→ YOUR OBJECTIVE
Exactly as written, print each record in the listing.

(Beginning of TASK MATERIAL)

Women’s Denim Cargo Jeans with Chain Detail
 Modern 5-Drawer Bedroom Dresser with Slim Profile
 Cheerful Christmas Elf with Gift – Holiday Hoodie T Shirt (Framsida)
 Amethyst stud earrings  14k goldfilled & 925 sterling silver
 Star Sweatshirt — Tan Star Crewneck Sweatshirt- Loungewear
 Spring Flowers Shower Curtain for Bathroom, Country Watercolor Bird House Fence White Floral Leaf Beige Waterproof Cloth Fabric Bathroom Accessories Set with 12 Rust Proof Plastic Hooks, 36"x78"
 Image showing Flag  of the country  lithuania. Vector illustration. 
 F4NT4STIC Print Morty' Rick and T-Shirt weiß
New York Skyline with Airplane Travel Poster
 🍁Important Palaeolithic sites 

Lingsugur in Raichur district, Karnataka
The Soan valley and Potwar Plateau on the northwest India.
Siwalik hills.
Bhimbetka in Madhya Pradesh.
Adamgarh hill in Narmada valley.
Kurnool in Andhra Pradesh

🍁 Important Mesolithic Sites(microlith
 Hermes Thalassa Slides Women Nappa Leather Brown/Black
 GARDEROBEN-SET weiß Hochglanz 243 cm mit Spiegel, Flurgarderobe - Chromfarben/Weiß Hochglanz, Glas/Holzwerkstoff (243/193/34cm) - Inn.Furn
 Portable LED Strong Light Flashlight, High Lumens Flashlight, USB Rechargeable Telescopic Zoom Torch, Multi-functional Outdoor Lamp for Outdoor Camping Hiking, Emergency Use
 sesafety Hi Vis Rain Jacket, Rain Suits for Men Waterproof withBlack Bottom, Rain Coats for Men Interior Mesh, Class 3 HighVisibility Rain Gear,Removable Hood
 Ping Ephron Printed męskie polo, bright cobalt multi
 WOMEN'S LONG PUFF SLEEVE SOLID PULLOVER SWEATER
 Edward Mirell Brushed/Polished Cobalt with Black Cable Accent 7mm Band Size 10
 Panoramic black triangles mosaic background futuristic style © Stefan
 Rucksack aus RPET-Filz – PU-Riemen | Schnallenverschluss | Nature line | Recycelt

(End of TASK MATERIAL)

→ TASK ANSWER
Women’s Denim Cargo Jeans with Chain Detail
 Modern 5-Drawer Bedroom Dresser with Slim Profile
 Cheerful Christmas Elf with Gift – Holiday Hoodie T Shirt (Framsida)
 Amethyst stud earrings  14k goldfilled & 925 sterling silver
 Star Sweatshirt — Tan Star Crewneck Sweatshirt- Loungewear
 Spring Flowers Shower Curtain for Bathroom, Country Watercolor Bird House Fence White Floral Leaf Beige Waterproof Cloth Fabric Bathroom Accessories Set with 12 Rust Proof Plastic Hooks, 36"x78"
 Image showing Flag  of the country  lithuania. Vector illustration. 
 F4NT4STIC Print Morty' Rick and T-Shirt weiß
New York Skyline with Airplane Travel Poster
 🍁Important Palaeolithic sites 

Lingsugur in Raichur district, Karnataka
The Soan valley and Potwar Plateau on the northwest India.
Siwalik hills.
Bhimbetka in Madhya Pradesh.
Adamgarh hill in Narmada valley.
Kurnool in Andhra Pradesh

🍁 Important Mesolithic Sites(microlith
 Hermes Thalassa Slides Women Nappa Leather Brown/Black
 GARDEROBEN-SET weiß Hochglanz 243 cm mit Spiegel, Flurgarderobe - Chromfarben/Weiß Hochglanz, Glas/Holzwerkstoff (243/193/34cm) - Inn.Furn
 Portable LED Strong Light Flashlight, High Lumens Flashlight, USB Rechargeable Telescopic Zoom Torch, Multi-functional Outdoor Lamp for Outdoor Camping Hiking, Emergency Use
 sesafety Hi Vis Rain Jacket, Rain Suits for Men Waterproof withBlack Bottom, Rain Coats for Men Interior Mesh, Class 3 HighVisibility Rain Gear,Removable Hood
 Ping Ephron Printed męskie polo, bright cobalt multi
 WOMEN'S LONG PUFF SLEEVE SOLID PULLOVER SWEATER
 Edward Mirell Brushed/Polished Cobalt with Black Cable Accent 7mm Band Size 10
 Panoramic black triangles mosaic background futuristic style © Stefan
 Rucksack aus RPET-Filz – PU-Riemen | Schnallenverschluss | Nature line | Recycelt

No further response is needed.